Google's BigQuery AI functions have evolved significantly throughout 2025 and into 2026. The foundational functions AI.GENERATE and AI.GENERATE_TABLE became generally available in late January 2026, while Google introduced three new managed AI functions (AI.IF, AI.SCORE, AI.CLASSIFY) in public preview in November 2025.
These functions eliminate the need for Python scripts in most data analysis workflows. If you're still exporting CSVs to categorize thousands of ad variations manually, this guide shows what's now possible directly in SQL.

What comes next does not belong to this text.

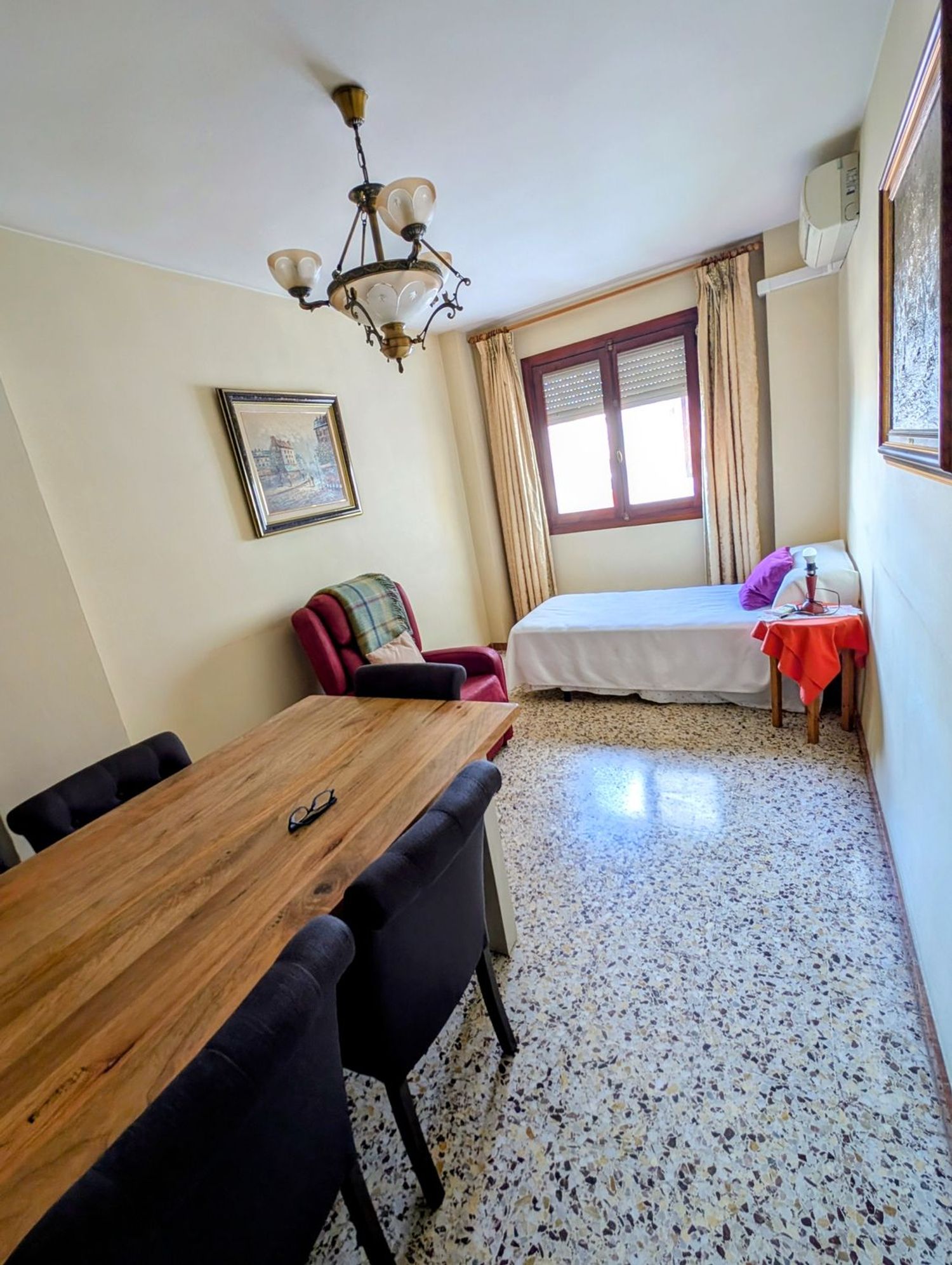 Piso en plaza de Bailén, 5 - Foto 16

What Are BigQuery AI Functions?
BigQuery AI functions let you call Gemini models directly from SQL queries. Instead of building complex CASE statements or writing Python scripts to classify data, you can write natural language prompts directly in your queries and let the AI handle the interpretation.
General-Purpose AI Functions (Generally Available)

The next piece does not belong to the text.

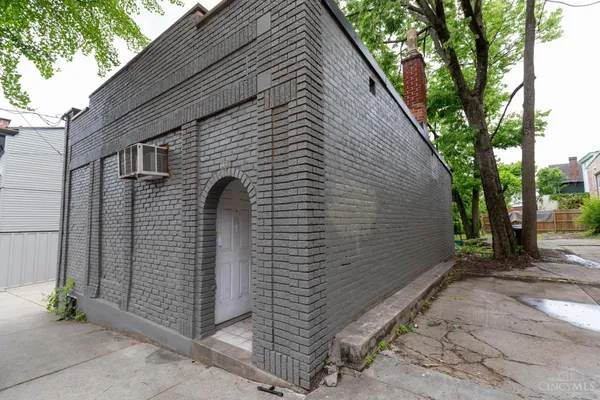 $130,000 | 207 Warner Street, Cincinnati, OH 45219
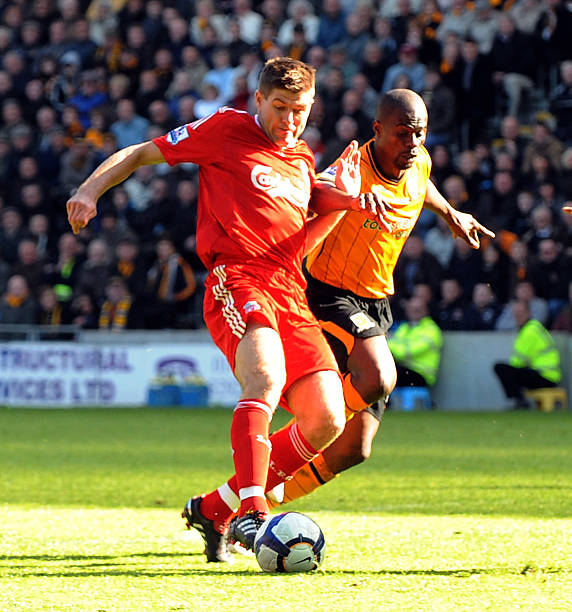 甲和国际足 甲和国际足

Two core functions went GA in late January 2026:
- AI.GENERATE: Returns structured data (JSON, STRUCT) based on your prompt
- AI.GENERATE_TABLE: Returns a complete table with the schema you define
Managed AI Functions (Public Preview)
Three additional managed functions launched in November 2025 and are currently in public preview:
- AI.IF: Filter and join data based on semantic meaning
- AI.SCORE: Rate and rank inputs based on natural language criteria
- AI.CLASSIFY: Classify text or images into user-defined categories
All functions work with text, images, video, audio, and PDFs. According to Google Cloud's BigQuery ML documentation, you can use these functions anywhere in SQL: SELECT, WHERE, ORDER BY, GROUP BY.

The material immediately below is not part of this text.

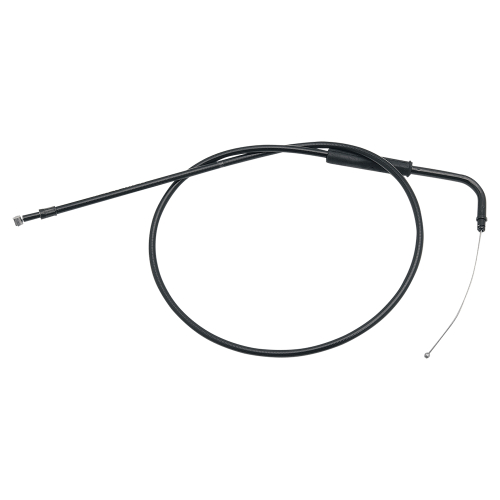 Motion Pro - Motion Pro Blackout Idle Cable - 06-2394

The GA release brought simplified authentication. You can now use End User Credentials instead of managing service account permissions. Plus, full support for Gemini 3.0 Pro (which launched in November 2025) and new semantic search functions AI.EMBED and AI.SIMILARITY are all now available.
The generative AI overview covers the full feature set, including support for Anthropic Claude and Mistral models if you prefer those over Gemini.
How to Use BigQuery AI Functions: Setup
Before you can start, you need to connect BigQuery to Vertex AI's Gemini models. The setup takes about 5 minutes once you know the steps.
Enable two APIs in Google Cloud Console:
- BigQuery Connection API
- Vertex AI API
Create an external connection:
Navigate to BigQuery, then External Connections, then Add Connection, then Vertex AI remote models. Give it a name (such as vertex_ai_connection) and match your dataset region. This matters for latency.
Grant the right permissions:
Copy the service account email that appears, head to IAM & Admin, and add the "Vertex AI User" role to that account. This is a common setup mistake. Without this role, every query fails with permission errors.
Create your remote model:
CREATE OR REPLACE MODEL `project.dataset.gemini_model`
REMOTE WITH CONNECTION `project.us.vertex_ai_connection`
OPTIONS (ENDPOINT = 'gemini-2.0-flash-001');
For Gemini 3.0 Pro:
OPTIONS (ENDPOINT = 'gemini-3-pro');
Once your model is set up, you can start running queries. Here's what's possible with BigQuery AI functions.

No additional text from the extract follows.